Objectives To determine whether it is feasible to set up a national registry, linking routinely collected data from hospital information systems (HIS), to investigate the role of cardiovascular magnetic resonance (CMR) in patients who activate the primary percutaneous coronary intervention (PPCI) pathway.

Design Feasibility prospective cohort study, to establish whether: (1) consent can be implemented; (2) data linkage and extraction from multiple HIS can be achieved for >90% of consented patients; (3) local data can be successfully linked with hospital episode data (Hospital Episode Statistics, HES; Patient Episode Database for Wales, PEDW) for >90% of consented patients and (4) the proportion of patients activating the PPCI pathway who get a CMR scan is ≥10% in hospitals with dedicated CMR facilities.

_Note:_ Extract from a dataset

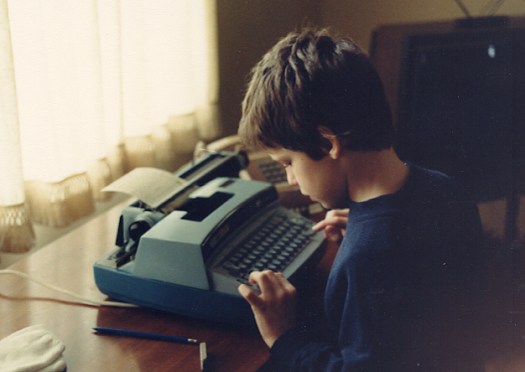 The young me and the noisiest typewriter on earth. Lordy, did I love it.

Participants Patients from four 24/7 PPCI hospitals in England and Wales (two with and two without a dedicated CMR facility) who activated the PPCI pathway and underwent an emergency coronary angiogram.

Results Consent was successfully implemented at all hospitals (consent rates ranged from 59% to 74%) and 1670 participants were recruited. Data submission was variable: all hospitals submitted clinical data (for ≥82% of patients); only three hospitals submitted biochemistry data (for ≥98% of patients) and echocardiography data (for 34%–87% of patients); only one hospital submitted medications data (for 97% of patients). At the two CMR centres, 14% and 20% of patients received a CMR scan. Data submitted by hospitals were linked with HES and PEDW for 99% of all consented patients.

Conclusion We successfully consented patients but obtaining individual, opt-in consent would not be feasible for a national registry. Linkage of data from HIS with hospital episode data was feasible. However, data from HIS are not uniformly available/exportable and, in centres with a dedicated CMR facility, some referrals for CMR were for research rather than clinical purposes.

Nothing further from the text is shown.